## EXERCISE DETAILS
Images do not belong in the copy. Retype the entries exactly.

Short descriptive text snippets
════

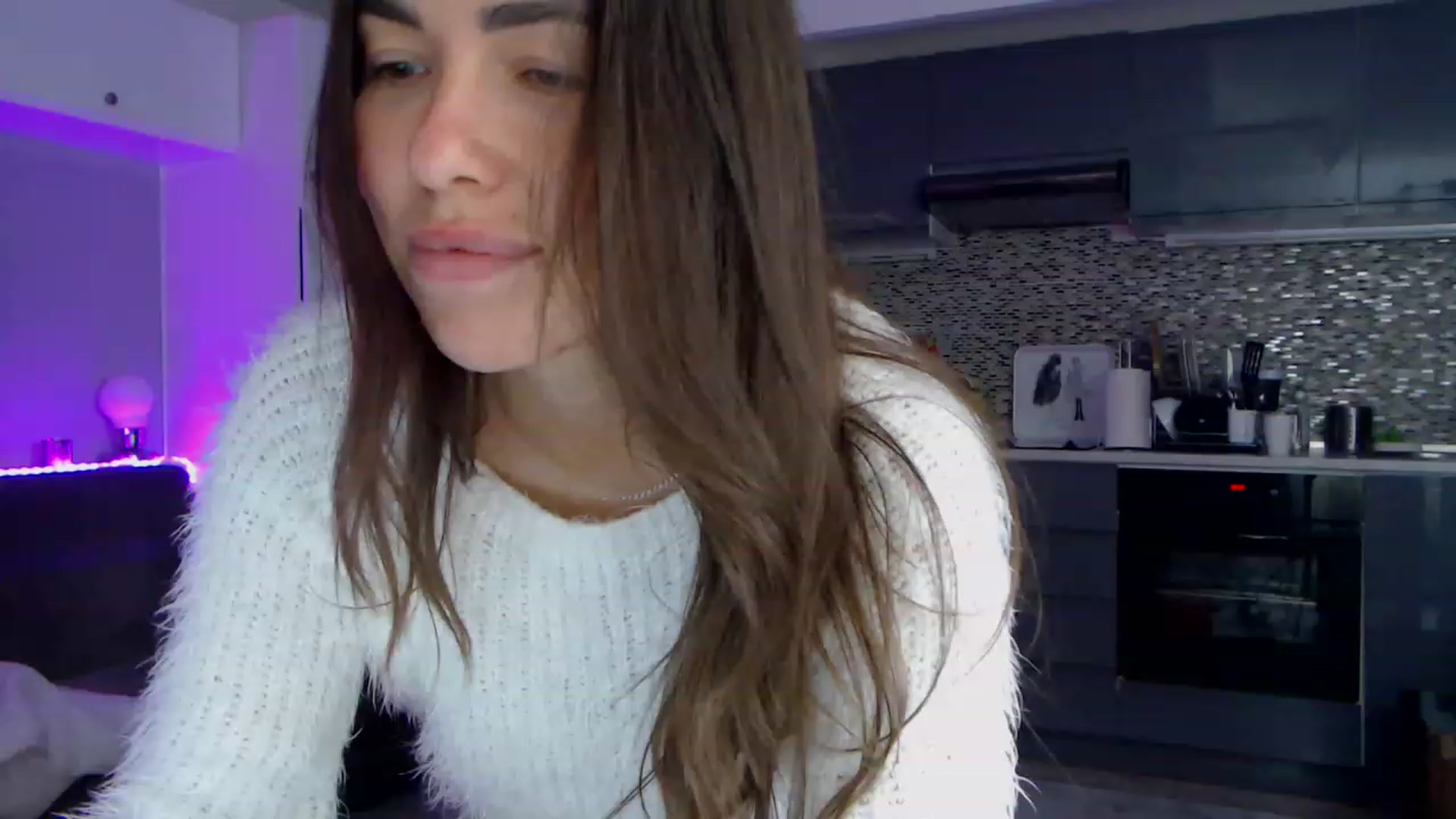 Gallery image thumbnail from VikiEvans's myfreecams stream on, 04/12/2023, 18:14 image 19 of 20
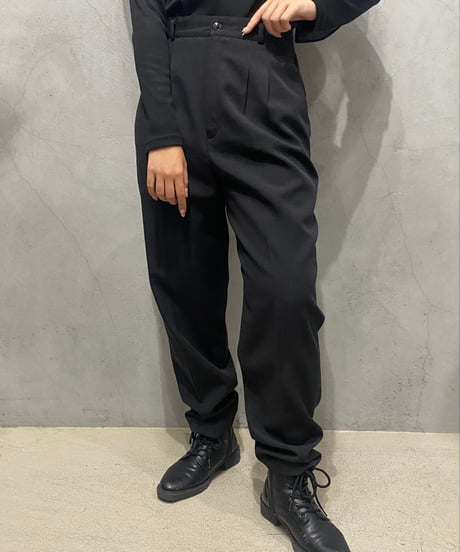 Tuck Tapered Pants BK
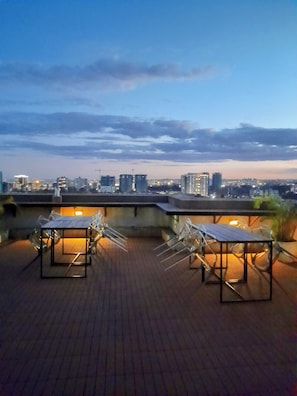 Apartment, 2 Bedrooms, Accessible, Smoking | Outdoor dining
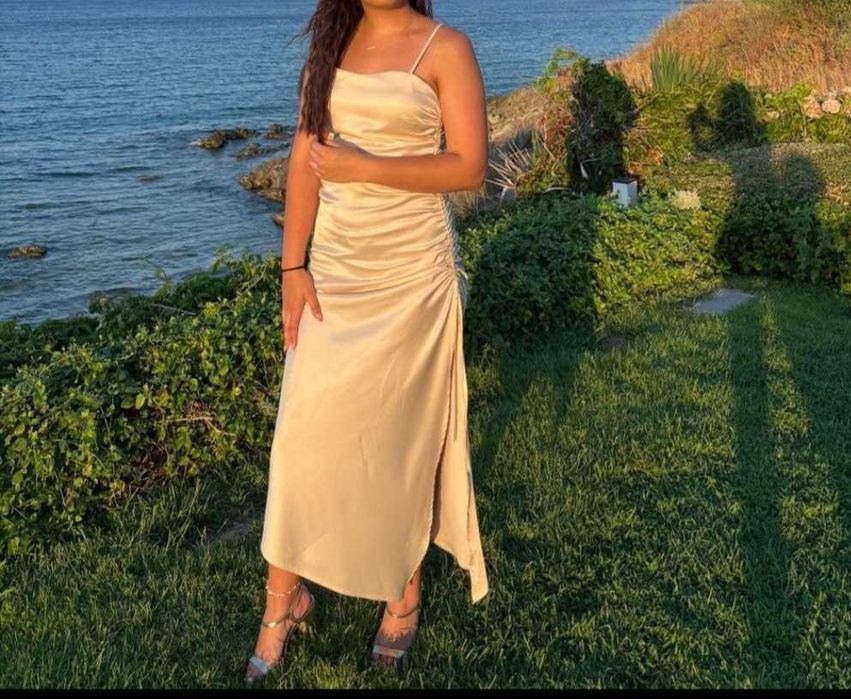 Рокля от плътен сатен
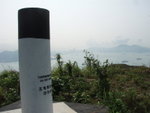 花瓶頂(273m), 遠處可能是港島西南區
P4223519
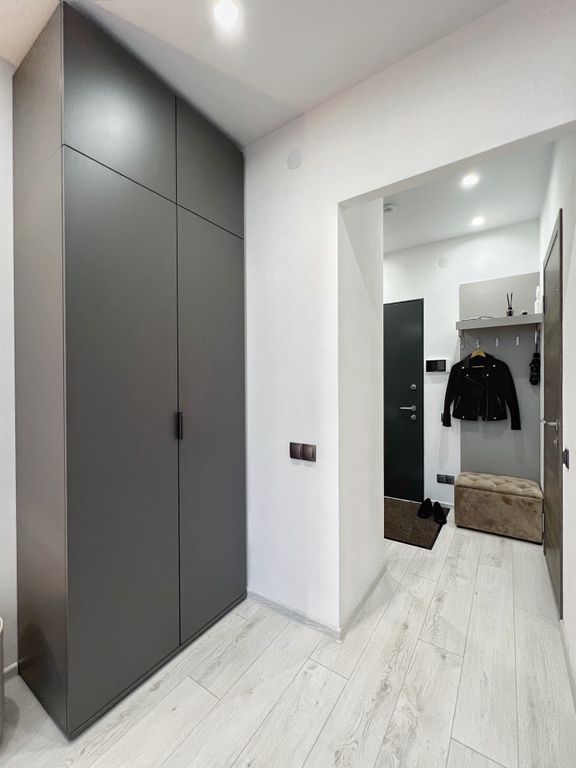 Отличная квартира в Адмиралтейском районе Санкт-Пeтербургa на берегу Обводного канала!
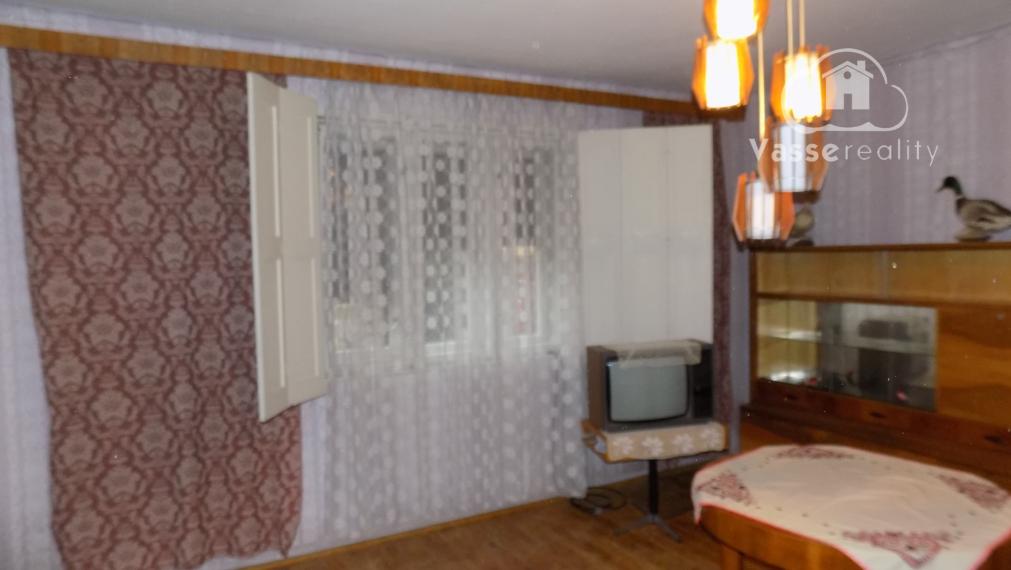 Na predaj chalupa v obci Kuraľany s garážou , pozemok  1536 m2  .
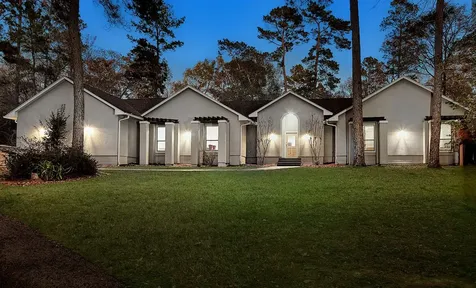44 Lake Forest Circle Conroe TX 77384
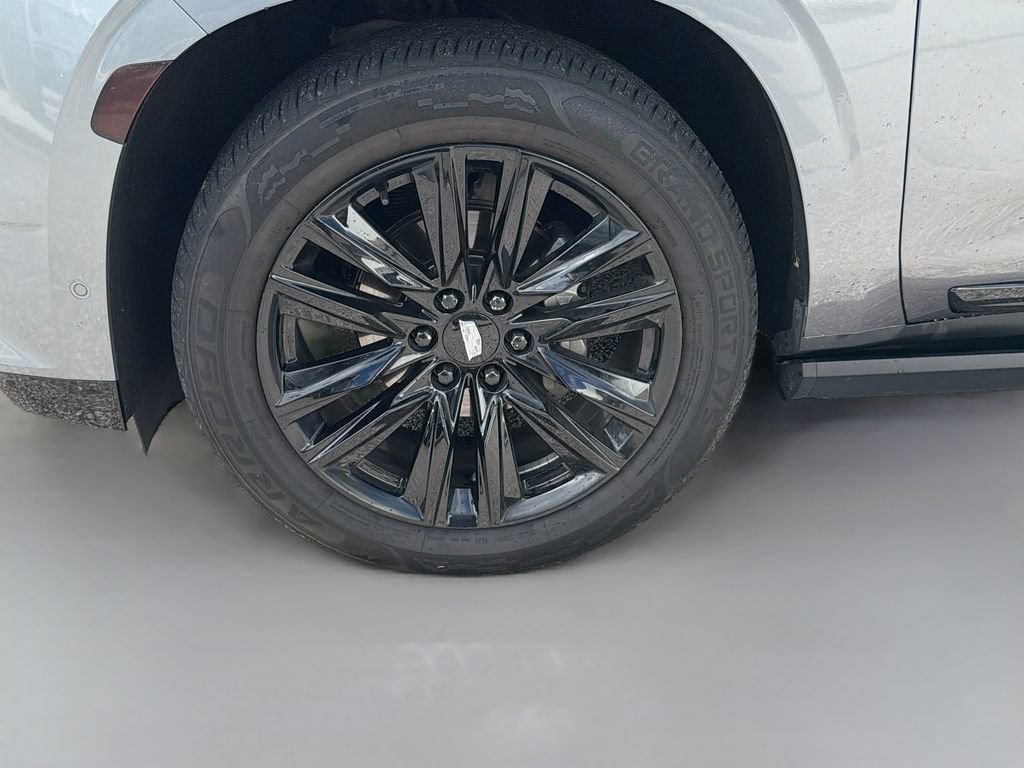 Used 2022 Cadillac Escalade Sport Platinum w/ LPO, ONYX Package AWD/4WD image 34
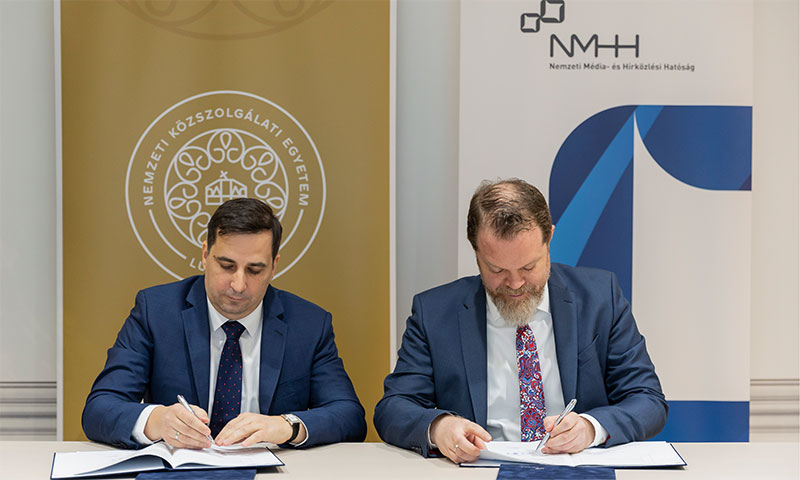Deli Gergely, az NKE rektora és Koltay András, az NMHH elnöke aláírja a két intézmény legújabb megállapodását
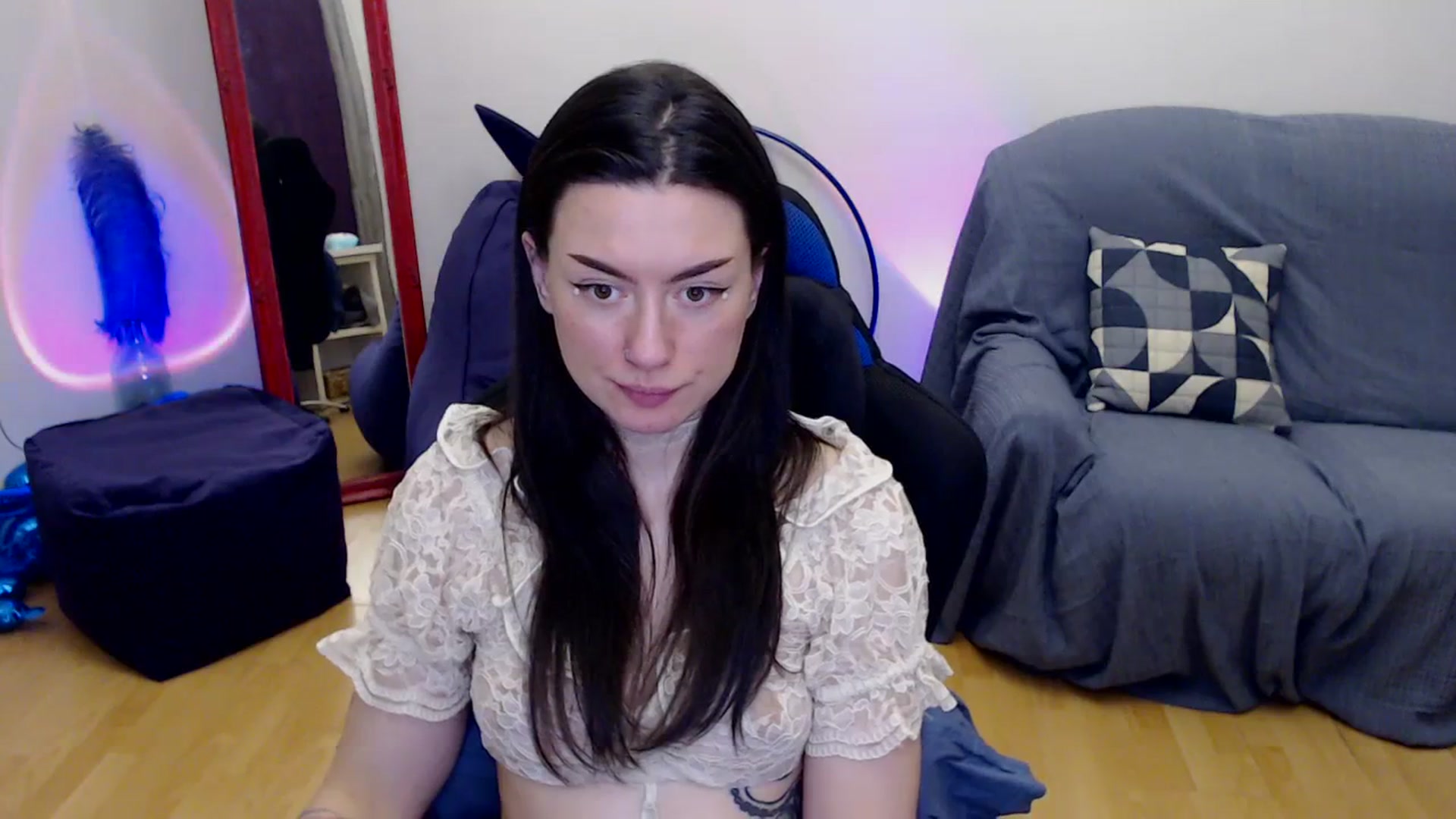 Gallery image thumbnail from Takemecloser's myfreecams stream on, 11/24/2023, 06:51 image 15 of 20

════

## WRITTEN RESPONSE
 Gallery image thumbnail from VikiEvans's myfreecams stream on, 04/12/2023, 18:14 image 19 of 20
 Tuck Tapered Pants BK
 Apartment, 2 Bedrooms, Accessible, Smoking | Outdoor dining
 Рокля от плътен сатен
 花瓶頂(273m), 遠處可能是港島西南區
P4223519
 Отличная квартира в Адмиралтейском районе Санкт-Пeтербургa на берегу Обводного канала!
 Na predaj chalupa v obci Kuraľany s garážou , pozemok  1536 m2  .
44 Lake Forest Circle Conroe TX 77384
 Used 2022 Cadillac Escalade Sport Platinum w/ LPO, ONYX Package AWD/4WD image 34
Deli Gergely, az NKE rektora és Koltay András, az NMHH elnöke aláírja a két intézmény legújabb megállapodását
 Gallery image thumbnail from Takemecloser's myfreecams stream on, 11/24/2023, 06:51 image 15 of 20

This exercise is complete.